- _Task details_:
Beginning with the line that contains "I want to talk" and ending with the last line of the records, write out each line exactly and omit the pictures.
========
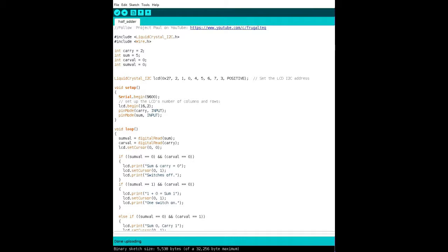But basically, you want to import a couple libraries: the wire library and liquid crystal library. And you want to initialize your digital pins from each IC, from the carry IC and from the sum IC. Initialize those as digital pins on the Arduino.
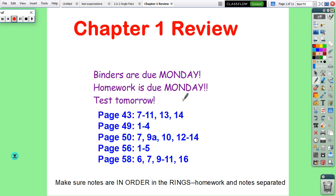Everybody, just a reminder: the test is on Friday, which means I will collect your binders and your homework on Monday. You have one class period to complete the test, so make sure that you are prepared. You don't get to stick around for your next class period — you have from the beginning of this class period until the end to finish your test.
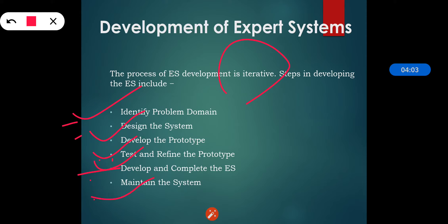The last step is the maintenance of the system. We have to keep the knowledge base up to date by regular review and update, because new technology and data are coming into day-to-day life. So we have to keep our knowledge base up to date through regular review, and according to need, knowledge base updation should be done.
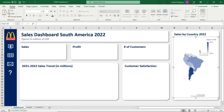Now for the three KPIs — it would be nice to show the actual number alongside the donut chart. Go to Insert, Shapes, select the text box, and draw it over. Make it dynamic: go to the formula bar, type equals, and link it to the actual sales amount in the inputs tab. Reformat it, then Control-Shift drag it across to copy for profit and customers. Update the links for each, and use Format Painter from the first text box to fix any formatting issues on the copies.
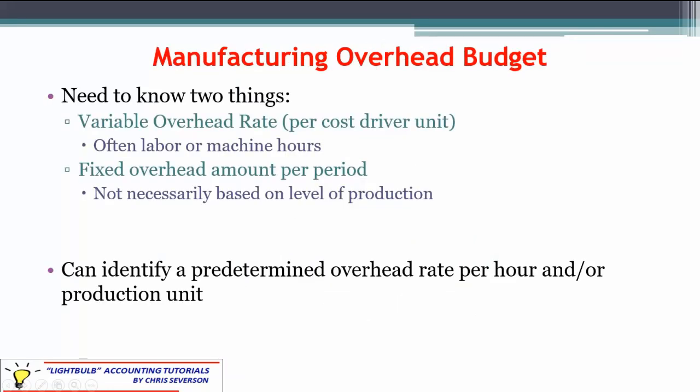There are a couple of things we need to know to fill this out. We need to know the variable overhead rate, which is usually just a dollar amount per machine hour or per labor hour — I generically refer to it as a cost driver unit, but usually that's hours. For fixed overhead, the amount really doesn't depend on how much we produce that period. Fixed overhead is the same for the entire period, whether we produce one unit, 100 units, or 1,000. Within a relevant range, it's going to be fixed — that's the whole point of fixed overhead.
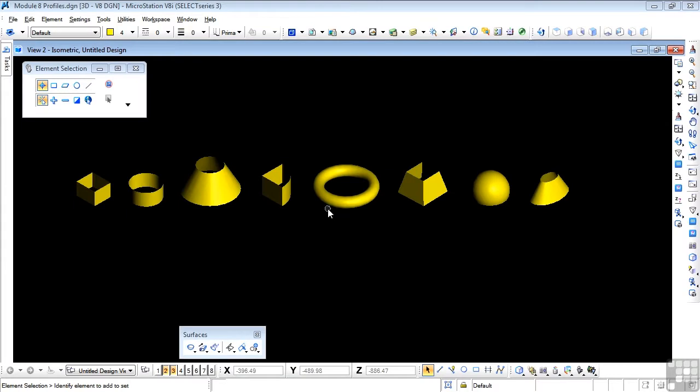The Primitive Surfaces tools are essentially the same as their counterparts in the Primitive Solids Toolbox, and I don't need to go into great detail on their operation. Let's take a look at the actual toolbox itself.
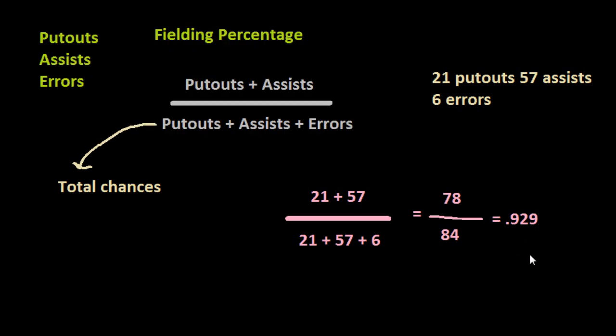1980 was 0.929. So that means that over 90 percent of the times he touched the ball and made an attempt to either put somebody out or to assist in the putout, he was able to succeed.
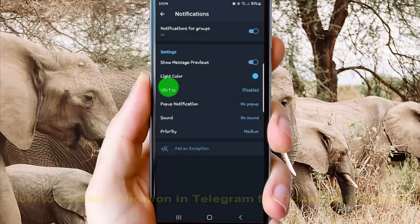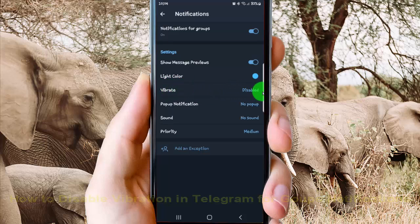Now, Vibration in Telegram for Groups Notifications is set as Disabled. Okay, thank you for watching, have a nice day.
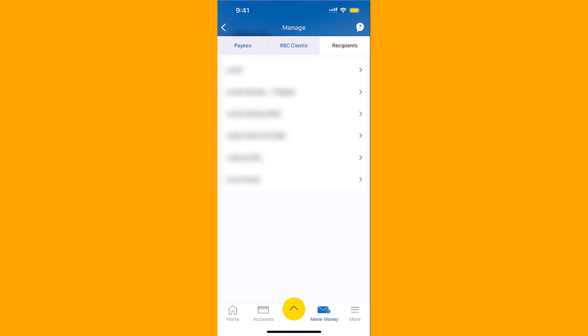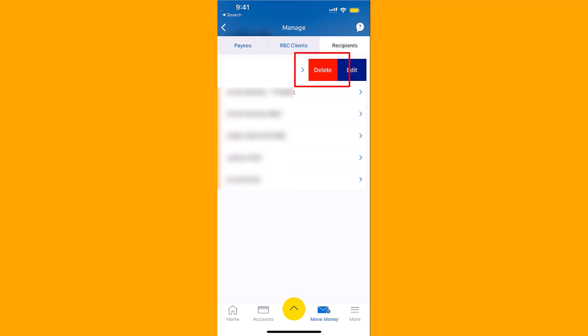Here, you will see the list of recipients. Tap on the right arrow beside the recipient you wish to delete. Then a Delete button will appear. Tap on Delete.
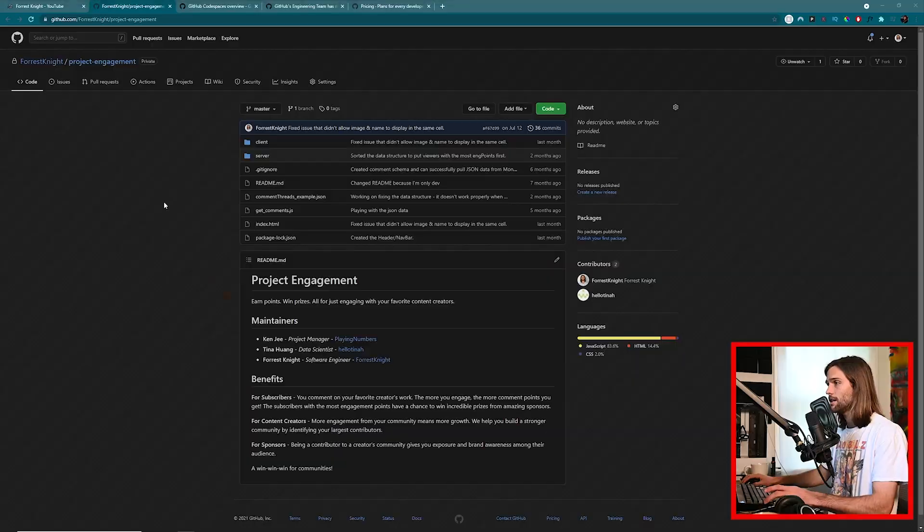I want to talk about GitHub Codespaces, what it is, and why I'm talking about it now, which is because it's now officially out of beta and we can have access to it ourselves. But first I actually want to talk about GitHub.dev because I'd be remiss if I didn't talk about that first.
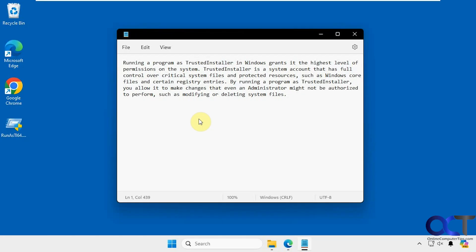By running a program as Trusted Installer, you allow it to make changes that even an administrator might not be authorized to perform, such as modifying or deleting system files.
========
- _Task output_:
I want to talk about GitHub Codespaces, what it is, and why I'm talking about it now, which is because it's now officially out of beta and we can have access to it ourselves. But first I actually want to talk about GitHub.dev because I'd be remiss if I didn't talk about that first.
By running a program as Trusted Installer, you allow it to make changes that even an administrator might not be authorized to perform, such as modifying or deleting system files.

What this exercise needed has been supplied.